やや短め丈のパンツの裾がゴムと気づき、アレっこの形はとウエストに目を向ければ、そこもゴムであった。柔らか素材の白いシャツブラウスの裾を、パンツに入れているので形がよくわかる。腰の部分の膨らみといい、まったくスエットパンツそのものに見える。

今、よく見かけるように、上衣の裾を前だけ中に入れ、横と後ろを外に流すスタイルなら、スエットパンツ感も緩和されるのだが、彼女の場合は違う。敢えてパンツの形を強調しているのかもしれない。だがそれは、少しも変ではなく、むしろカッコいい。素材はと遠目に観察すれば、綿かウールにポリエステル混紡(私の推測)のようだ。ちなみに色は濃紺。サルエルパンツなのかもしれない。

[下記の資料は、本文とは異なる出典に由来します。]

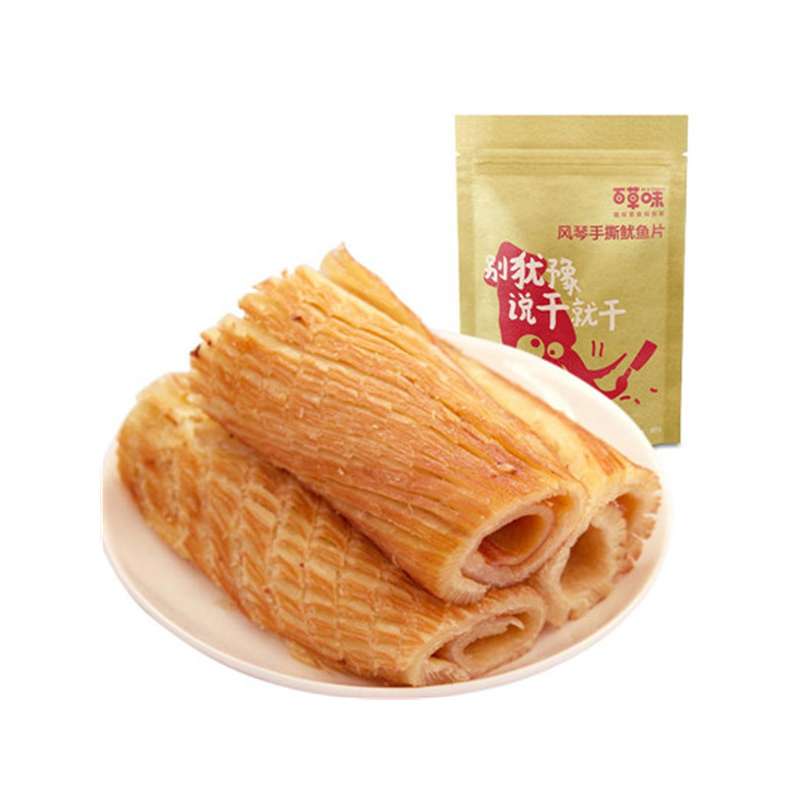 百草味（BE&CHEERY）风琴手撕鱿鱼片80g/袋 肉干类 鱿鱼片 百草味出品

私はカッコ良さの秘密を探ろうと、スッスッと歩く彼女を追いかけて小走りになる。仕事に向かう途上なのか、彼女の歩き方はかなり速い。駅に着くまでの間、いかにも遅刻しそうで焦ってますとばかりに歩く私に比べ、上背もある彼女は歩幅も広いのか、急いでいるといった風も見せずに、これまたカッコ良く歩く。

肩には、大ぶりの木綿のトートバックを掛けている。どんなデザインかまでは分からないが、横からは、赤と黒がちらちら見える。靴は、黒のガッチリとした、いわゆるオジサン靴だ。パンツの裾と靴の間からのぞいている靴下は、太い横縞で、黒と透けているような肌色だ。この靴下が、何ともオシャレっぽい。

この靴下と靴で、スエット風パンツを、グンと引き締めているのかなと、オシャレ探偵になったつもりの私は思う。それと、やはりあのヘアースタイルだ。上下でガッチリ押さえているからこそ、カッコ良さが漂っている。

大半の人は、いかにもスエットでございとなる形なのに、着る人によってこうも違うのだと、すっかり感心してしまった。きっと彼女には、スタイルがあるのだなと思う。そして彼女なら、どんなものでもカッコ良く着こなしてしまうに違いない。

駅への階段を降りてゆく彼女を見送りながら、ついこちらも、これから目指すのはカッコ良いオシャレだと気持ちが高揚してしまった。